▸ WHAT NEEDS TO BE DONE: Give the listing below again exactly, but without any of its pictures.

▸ PROVIDED DATA:
========================================================================

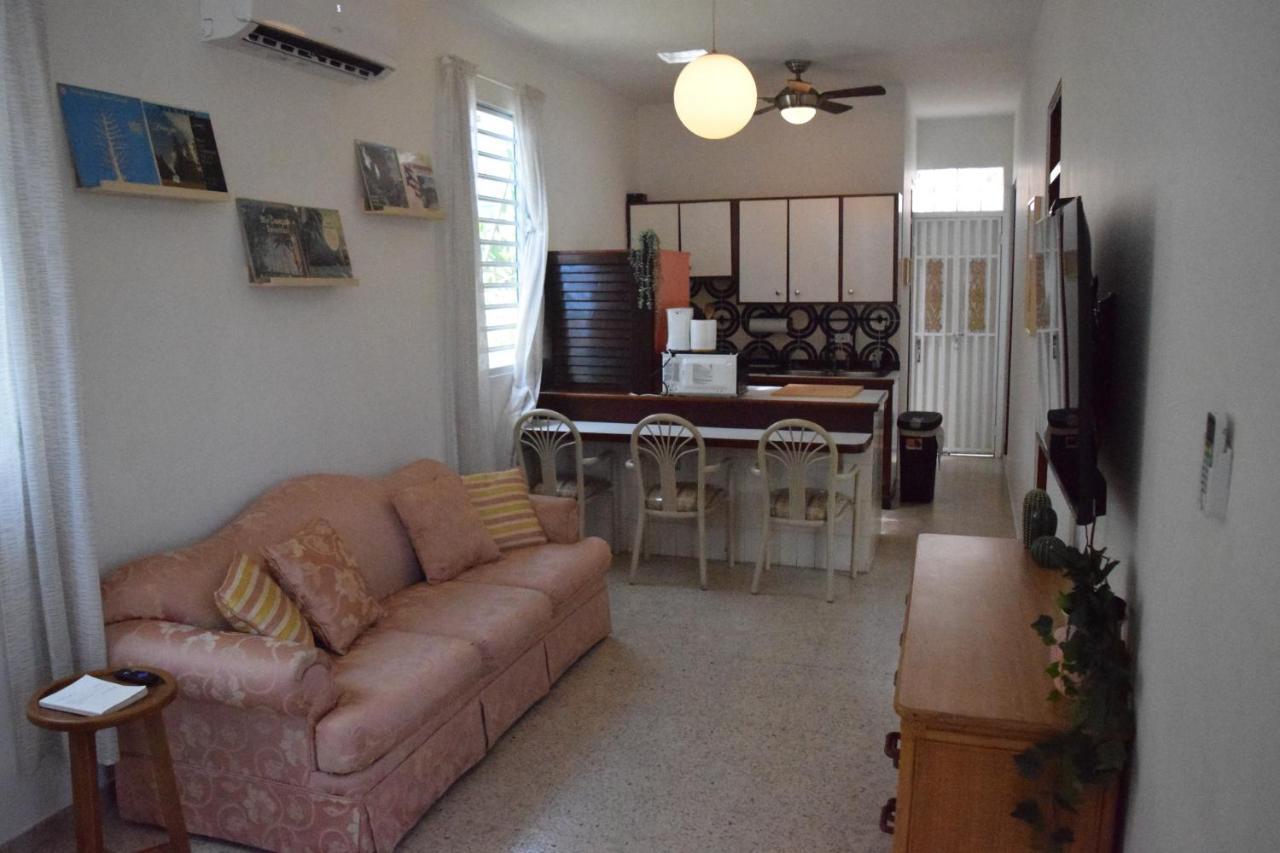 La Casita De Rafa Villa San Juan Kültér fotó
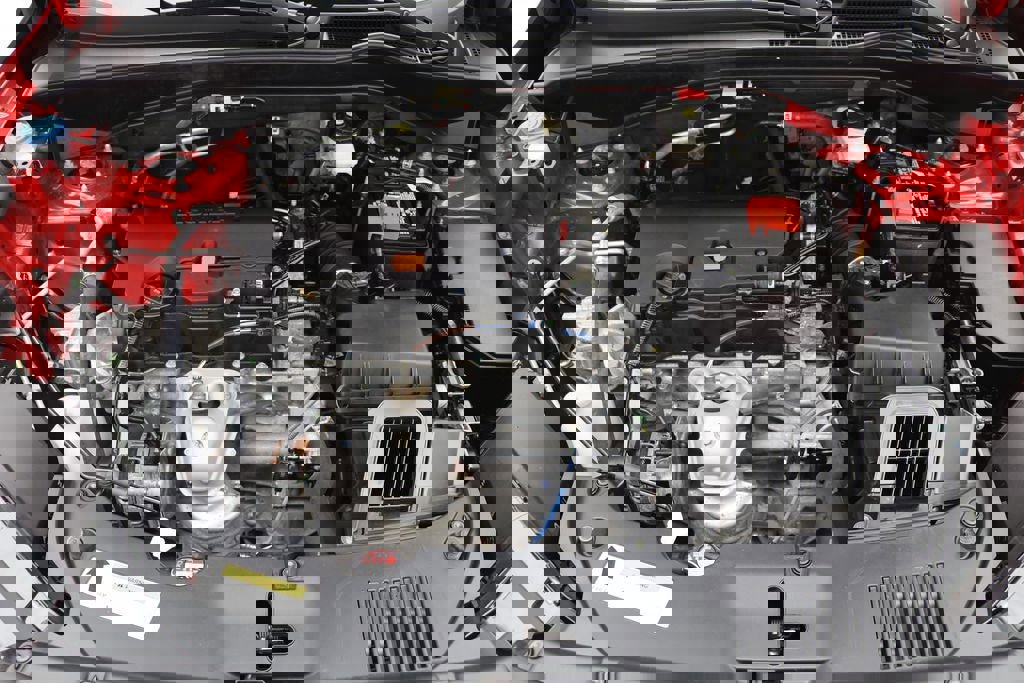 Used 2024 Honda HR-V EX-L image 27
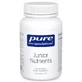 Дієтична добавка Pure Encapsulations Мультивітаміни для дітей, 120 капсул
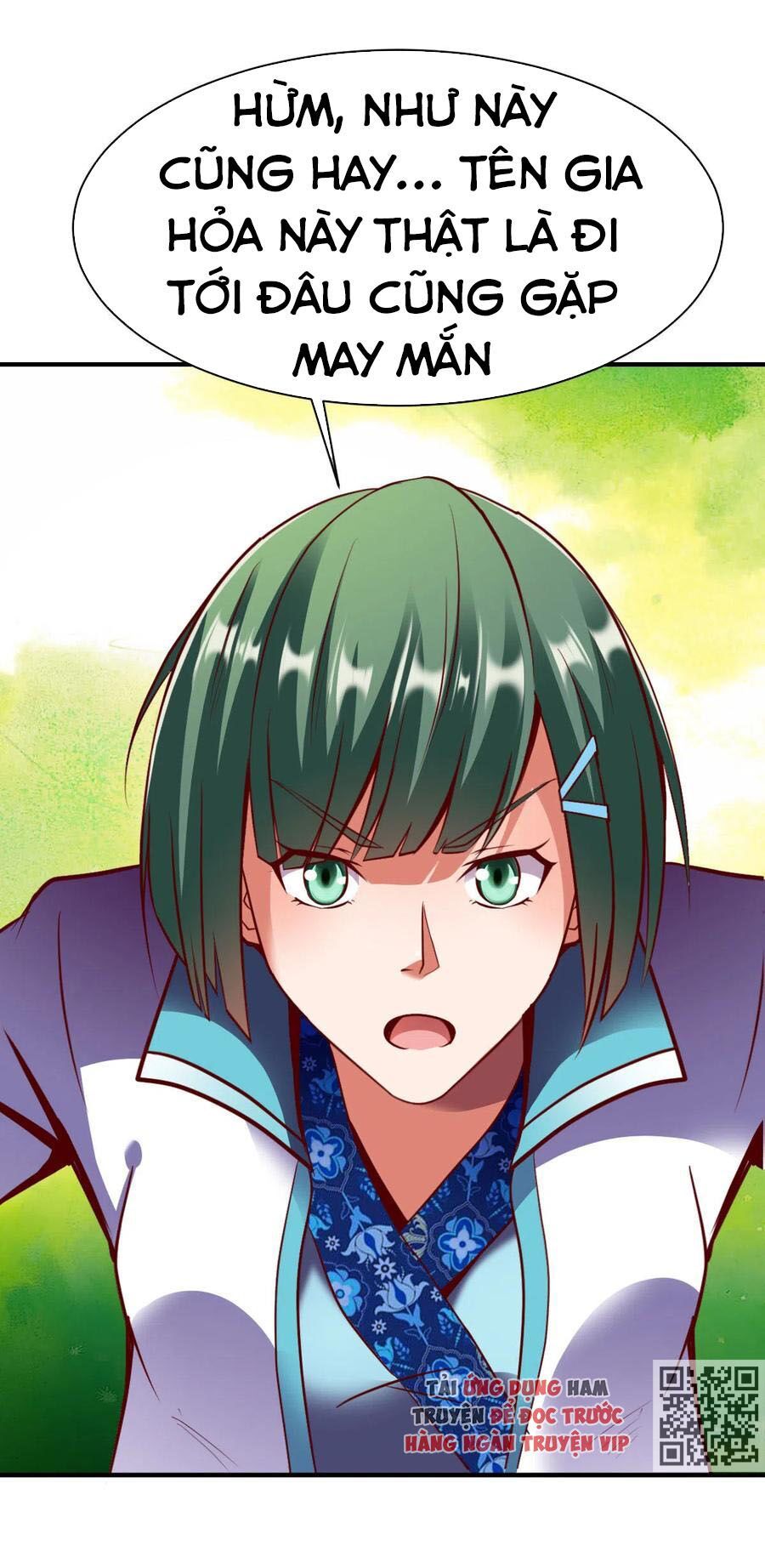 đọc truyện Chiến Đỉnh Chương 229 ảnh 25 tại Thiên Thai Truyện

========================================================================

▸ WRITTEN RESPONSE:
 La Casita De Rafa Villa San Juan Kültér fotó
 Used 2024 Honda HR-V EX-L image 27
 Дієтична добавка Pure Encapsulations Мультивітаміни для дітей, 120 капсул
 đọc truyện Chiến Đỉnh Chương 229 ảnh 25 tại Thiên Thai Truyện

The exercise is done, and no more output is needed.